Wolfgang Truckenbrodt/Getty Images News/Getty Images

The problem with Trump's misguided (and unintentionally ridiculous) statements on what makes a hero a hero isn't just that he said them — it's that he's sticking by them. In a telephone interview with The Today Show's Matt Lauer on Monday morning, he refused to back down from his statements, insisting instead that he had been "misquoted."

"The highly respected reporter ... Sharyl Attkisson said I said four times that McCain is a war hero," stumbled Trump, pointing a finger at the media for misconstruing his words. "If you would have let [the footage of my statements] run just another three seconds, you would have said that I said very clearly he is a war hero."

Take a second with me and scratch your head; it's OK.

Honestly, I don't really care that Trump didn't serve in the military. Frankly, I'm relieved he never wore a uniform (can you imagine the kind of soldier he would have made?). I'm not even concerned about the fact that he received at least five separate draft deferments. If someone's really that adamant about it, do we really want them holding a rifle or manning a logistics center in defense of the country and those who need our help?
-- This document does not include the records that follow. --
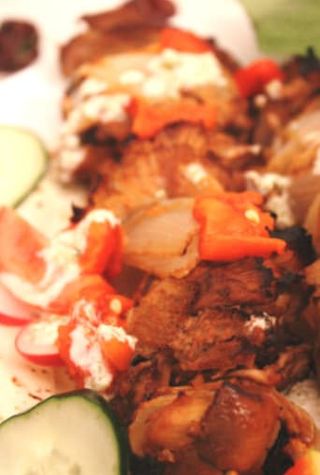 Kebab con funghi o con formaggio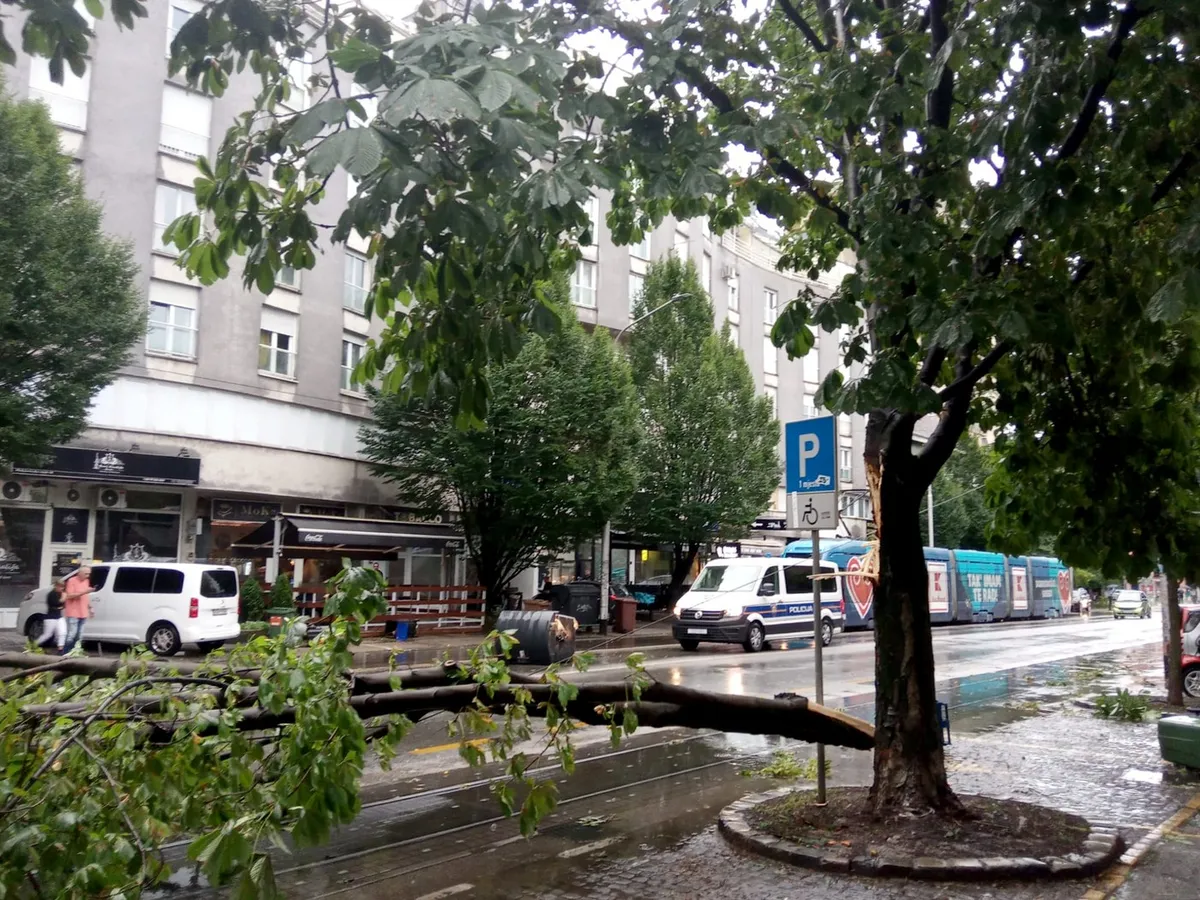 Nevreme pogodilo region: Vetar rušio stabla u Hrvatskoj, poplave i saobraćajni kolaps u Skoplju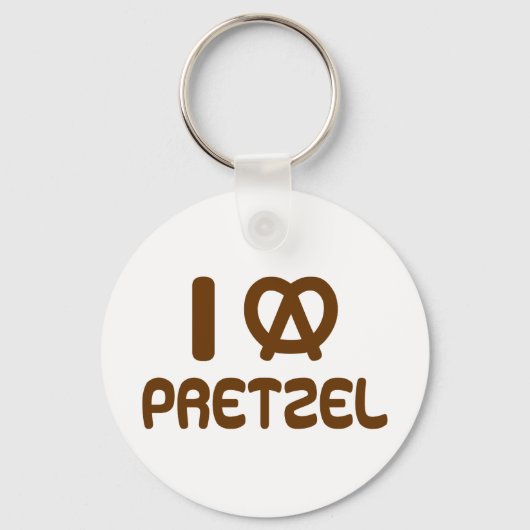 Ik hart Pretzel Sleutelhanger (Achterkant)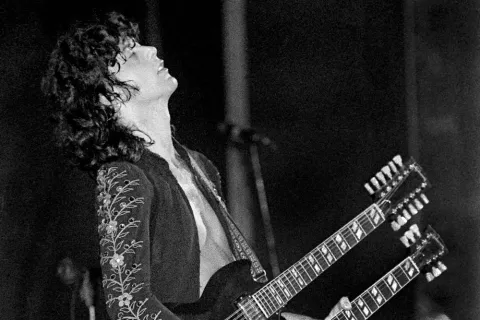 Jimmy Page, HemisFair Arena, San Antonio, 1973.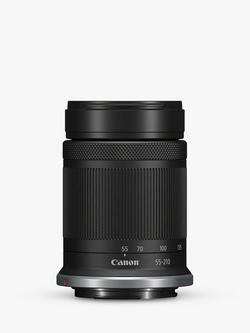 Canon RF-S 55-210mm F5-7.1 IS STM Lens, Black, Black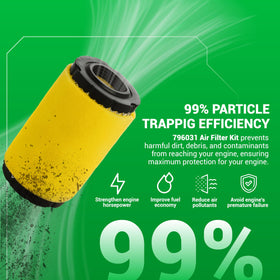 BlueStars air filter design emphasizes durability and wear resistance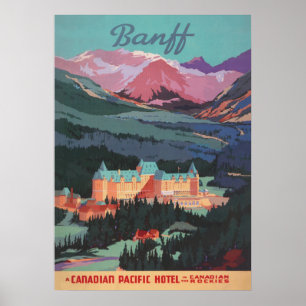 Poster Banff Canada Viagens vintage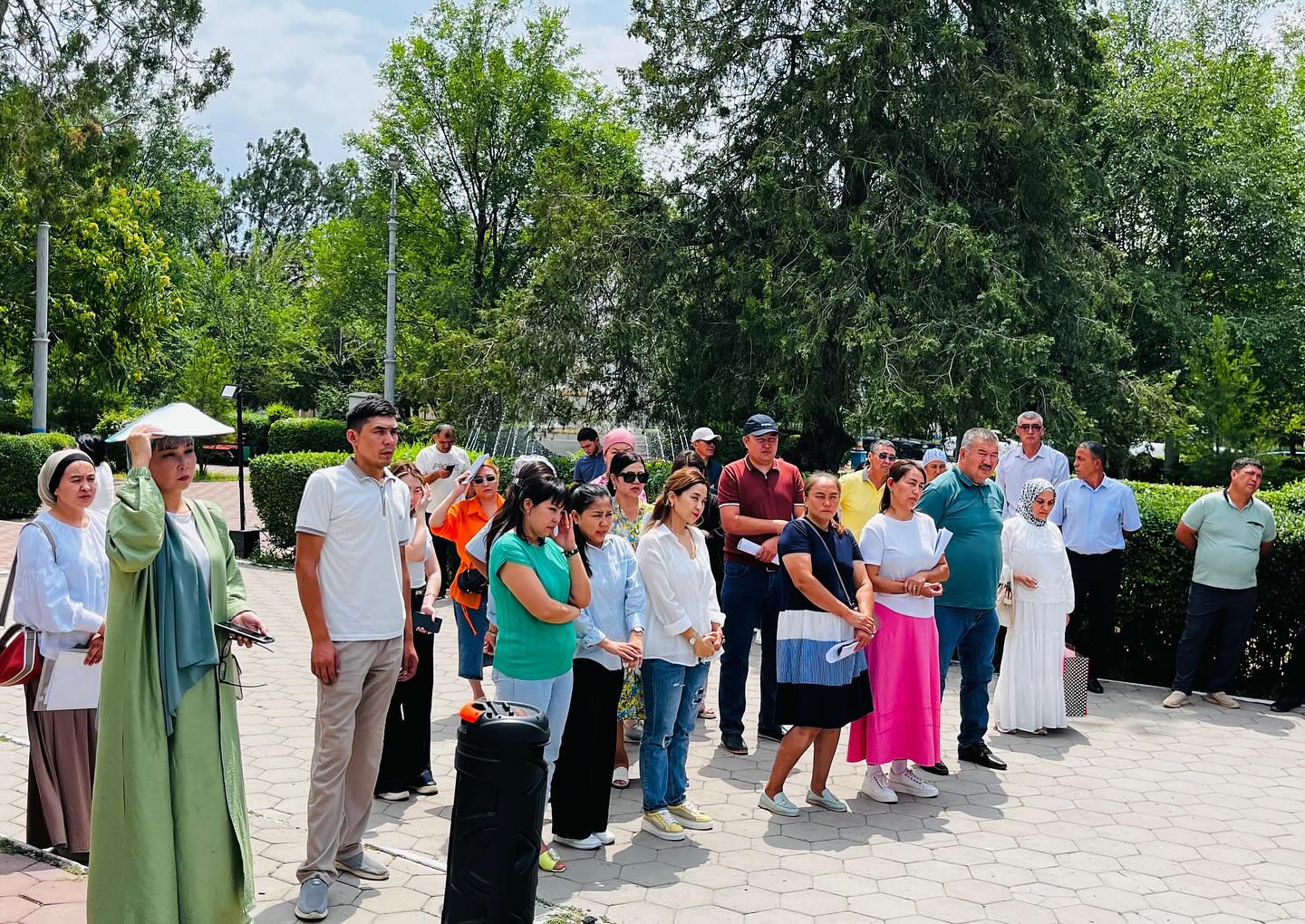 В ГОРОДЕ КЕНТАУ СОСТОЯЛАСЬ ВСТРЕЧА С НАСЕЛЕНИЕМ ПО МЕРАМ БЕЗОПАСНОСТИ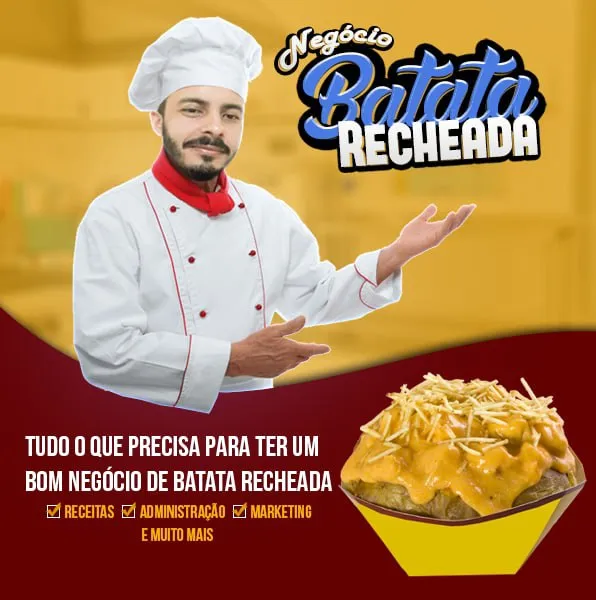 Capa: Curso Negócio Batata Recheada Download: Lucratividade Imediata!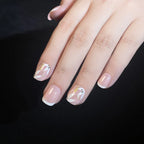 Press-On Nail Set French Tip Gold & Black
Maybe it's more of a personality and morals issue than anything else that has everyone reeling over his comments. After all, as The New Yorker's Amy Davidson explained:

McCain's father was a top military commander, and so he had a chance to get a better place in line, too: the Vietnamese tried to move him up in the order in which prisoners of war were released. He refused. ... At the crucial moment — maybe the decisive one of his life — McCain did not seize a privilege he hadn’t earned. That is the antithesis of the Trumpian view of the world—that is to say, the Trumpian view of Trump.
PETRAS MALUKAS/AFP/Getty Images

Trump might believe that because of his status as a public figure, his word is the final one. But that's simply not the case. As the rest of the world looks at veterans like Lynch, Piestewa, McCain, and the majority of captives as heroes and honored military members who served their time with pride, Trump is busying himself with constructing a bizarre, despotic society in which certain individuals had their right to be called such taken away the moment they were taken prisoner. If "POW" is an automatic disqualifier from "hero" status, then Trump's words should count as an automatic disqualifier from "believable candidate" status.